▼▼▼

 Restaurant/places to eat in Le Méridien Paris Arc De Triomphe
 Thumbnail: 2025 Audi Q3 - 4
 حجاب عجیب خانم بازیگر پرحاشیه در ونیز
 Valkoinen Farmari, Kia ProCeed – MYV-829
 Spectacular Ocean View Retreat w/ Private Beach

▲▲▲
▼▼▼

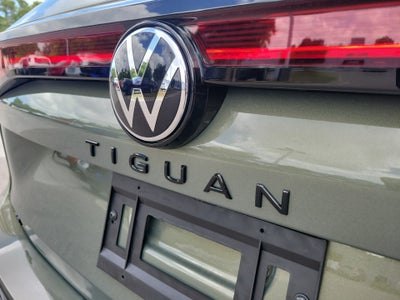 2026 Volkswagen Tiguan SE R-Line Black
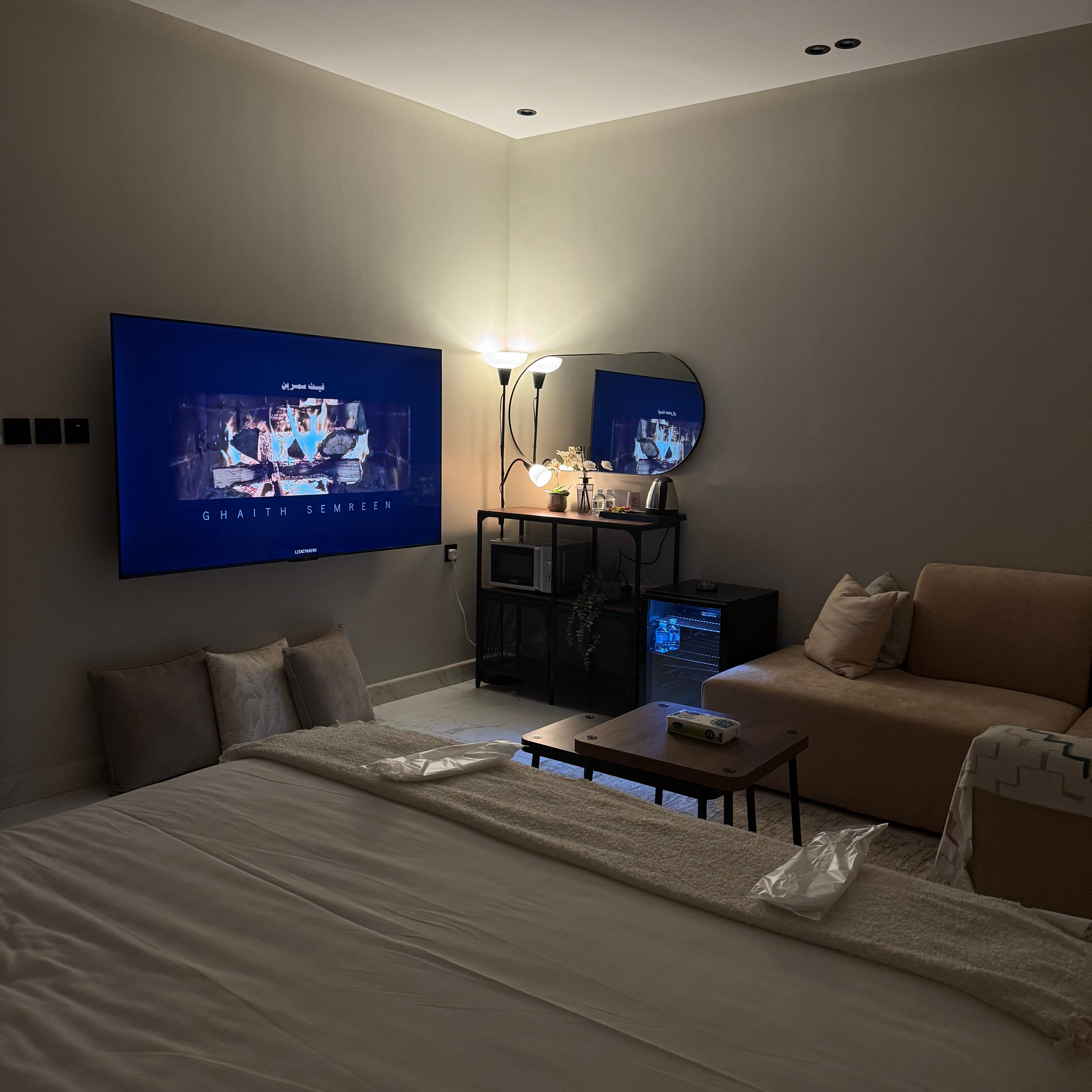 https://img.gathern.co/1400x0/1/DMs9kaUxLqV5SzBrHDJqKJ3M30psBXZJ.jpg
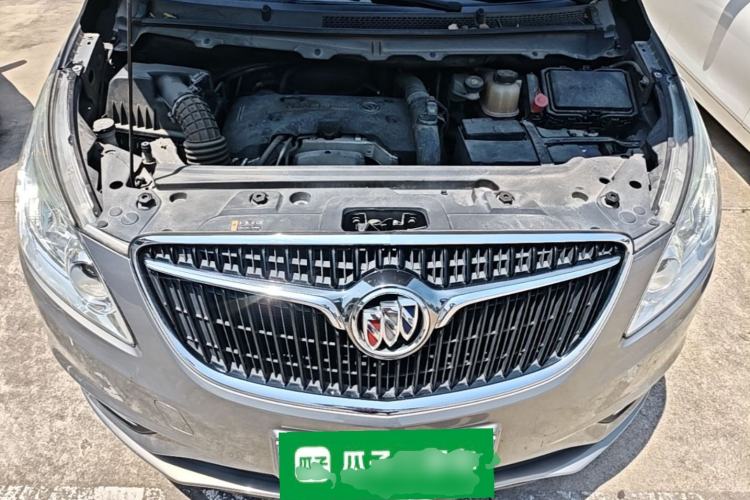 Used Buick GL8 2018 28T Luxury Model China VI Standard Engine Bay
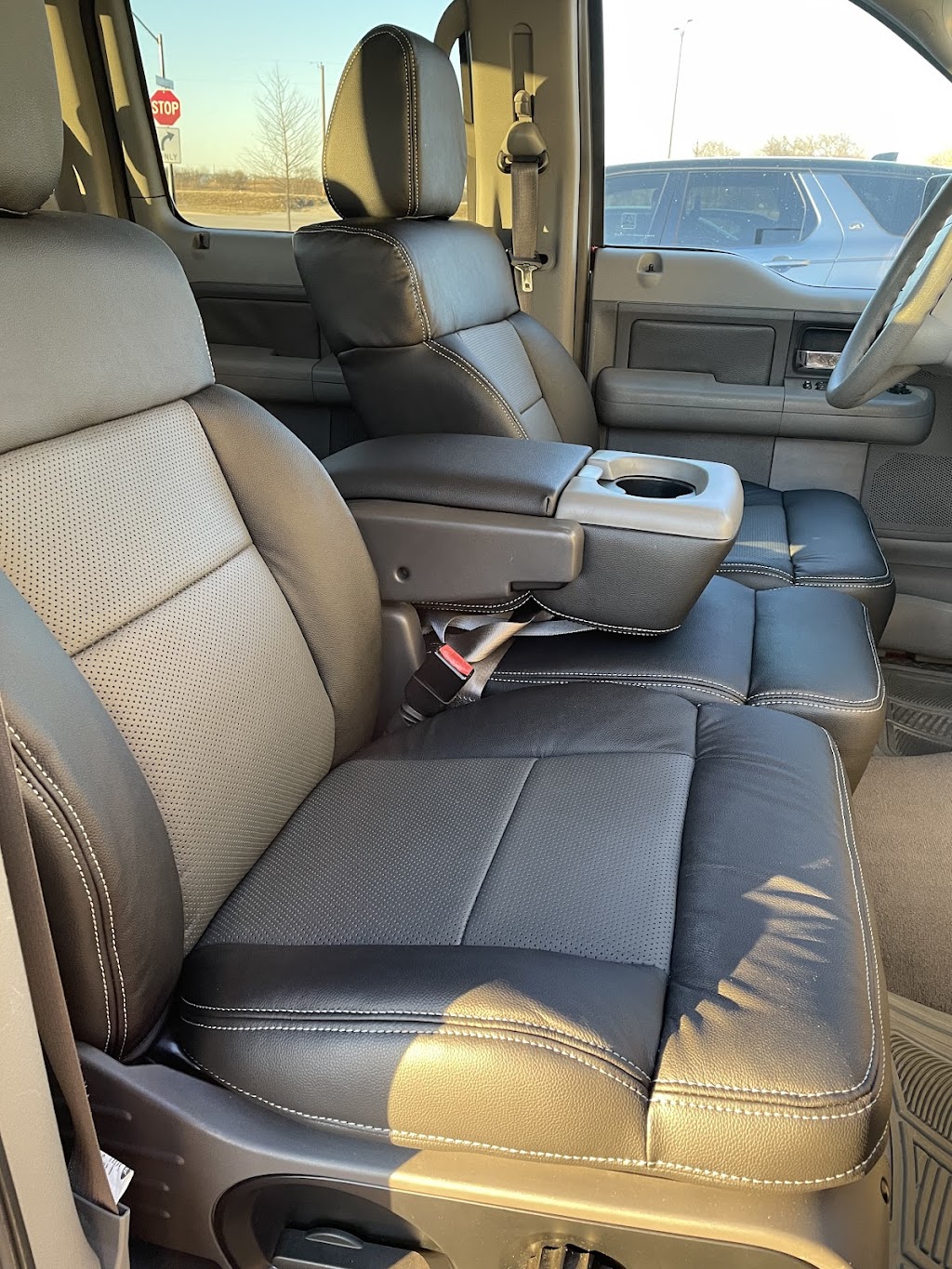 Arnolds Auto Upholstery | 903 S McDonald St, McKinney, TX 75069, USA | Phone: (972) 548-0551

▲▲▲
▼▼▼

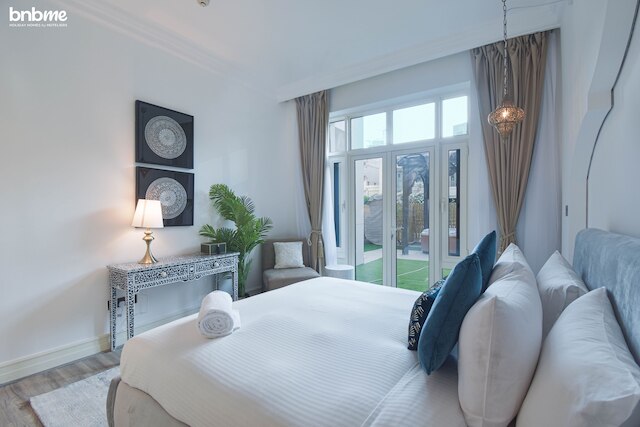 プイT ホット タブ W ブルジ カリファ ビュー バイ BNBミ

▲▲▲

Required action
Repeat, word for word, the lines above between the line holding "حجاب عجیب خانم بازیگر پرحاشیه در ونیز" and the line holding "Spectacular Ocean View", inclusive; omit everything else.

Task response
 حجاب عجیب خانم بازیگر پرحاشیه در ونیز
 Valkoinen Farmari, Kia ProCeed – MYV-829
 Spectacular Ocean View Retreat w/ Private Beach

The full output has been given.